Drug exposure, pregnancy outcome and fetal and childhood development occurring in the offspring of mothers with systemic lupus erythematosus and other chronic autoimmune diseases
2006 Study Abstract
Most autoimmune diseases occur more commonly in females and many of these young women wish to become mothers. For pregnancy to proceed successfully immunomodulation and physiological changes preparing the reproductive system need to occur.
Pregnancy occurring in a chronically ill mother who requires medications in order to maintain her own health and who may have already incurred significant organ pathology gives rise to several problems and so four questions arise:
- What will be the effect of the pregnancy on the underlying disease?
- What will be the effect of the disease on the outcome of pregnancy?

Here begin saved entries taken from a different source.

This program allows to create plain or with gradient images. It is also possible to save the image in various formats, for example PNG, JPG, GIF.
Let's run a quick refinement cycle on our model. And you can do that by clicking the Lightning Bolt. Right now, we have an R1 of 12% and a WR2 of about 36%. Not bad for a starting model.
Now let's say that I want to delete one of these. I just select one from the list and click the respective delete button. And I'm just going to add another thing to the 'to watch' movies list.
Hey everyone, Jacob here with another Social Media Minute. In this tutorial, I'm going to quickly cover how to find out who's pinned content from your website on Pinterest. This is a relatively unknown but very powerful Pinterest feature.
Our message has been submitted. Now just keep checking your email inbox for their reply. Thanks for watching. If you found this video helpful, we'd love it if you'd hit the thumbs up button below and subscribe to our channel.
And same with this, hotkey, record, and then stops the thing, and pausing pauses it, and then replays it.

- How to manage the disease, just prior to, throughout and immediately after the pregnancy?
- The long term fetal and childhood effects of maternal disease and its management.
This paper reviews the current literature pertaining to these questions in patients with systemic lupus erythematosus (SLE) and other chronic rheumatic and autoimmune diseases.
… “Other evidence suggests that the risk of autoimmune disease, particularly Hashimotos thyroiditis, is also increased in individuals exposed to DES in utero.” …
- Drug exposure, pregnancy outcome and fetal and childhood development occurring in the offspring of mothers with systemic lupus erythematosus and other chronic autoimmune diseases, Lupus, NCBI PubMed, PMID: 17153855, 2006.